### WHAT YOU HAVE TO DO
Please return only the lines from the one with "Full Flight #122" through the final line of the data, unchanged, with pictures omitted.

*** Opening of MATERIAL PROVIDED ***

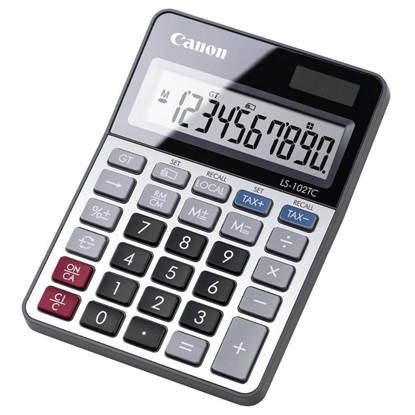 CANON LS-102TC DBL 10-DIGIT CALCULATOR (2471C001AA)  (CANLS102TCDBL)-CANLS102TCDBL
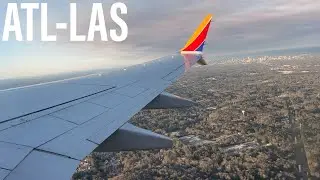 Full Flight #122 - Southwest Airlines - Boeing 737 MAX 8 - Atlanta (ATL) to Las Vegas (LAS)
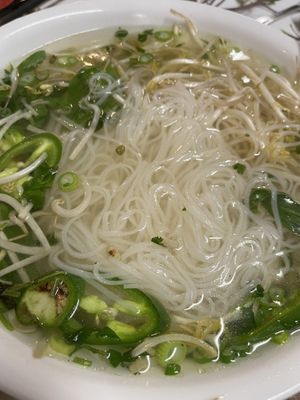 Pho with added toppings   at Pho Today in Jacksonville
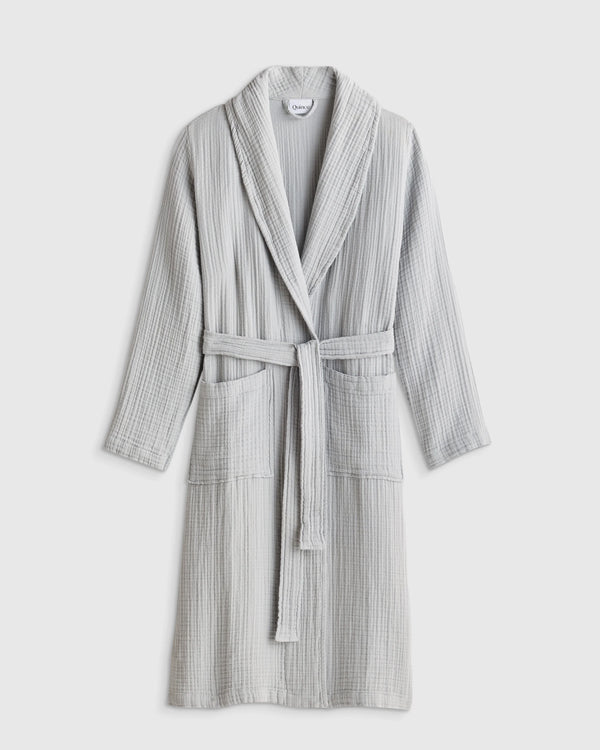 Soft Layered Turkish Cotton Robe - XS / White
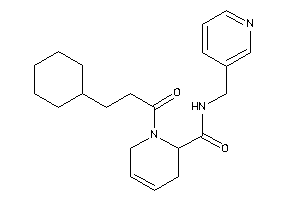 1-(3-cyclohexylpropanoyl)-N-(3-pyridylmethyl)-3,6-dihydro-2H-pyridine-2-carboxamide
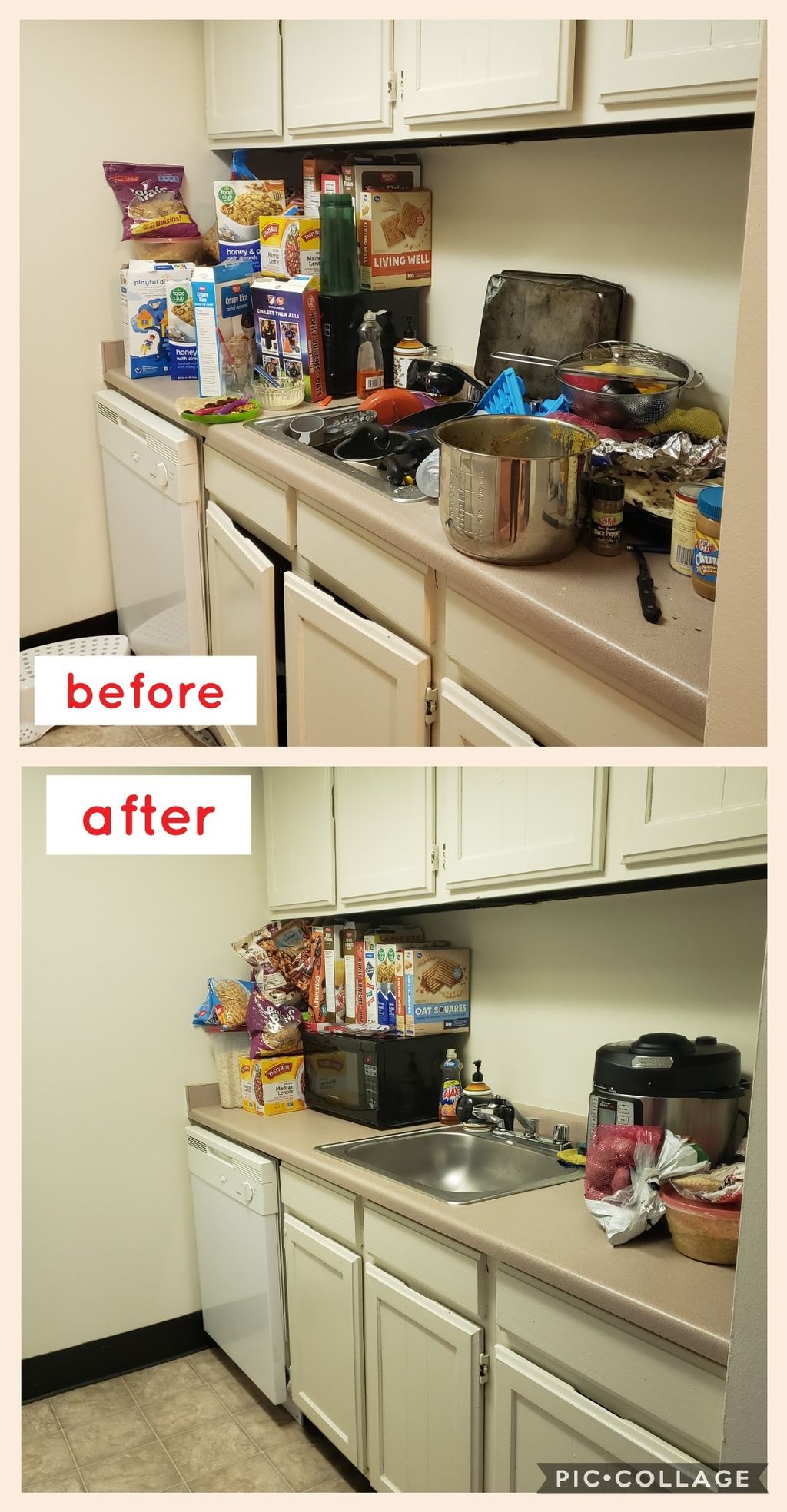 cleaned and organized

*** Close of MATERIAL PROVIDED ***

### ANSWER TO THIS EXERCISE
 Full Flight #122 - Southwest Airlines - Boeing 737 MAX 8 - Atlanta (ATL) to Las Vegas (LAS)
 Pho with added toppings   at Pho Today in Jacksonville
 Soft Layered Turkish Cotton Robe - XS / White
 1-(3-cyclohexylpropanoyl)-N-(3-pyridylmethyl)-3,6-dihydro-2H-pyridine-2-carboxamide
 cleaned and organized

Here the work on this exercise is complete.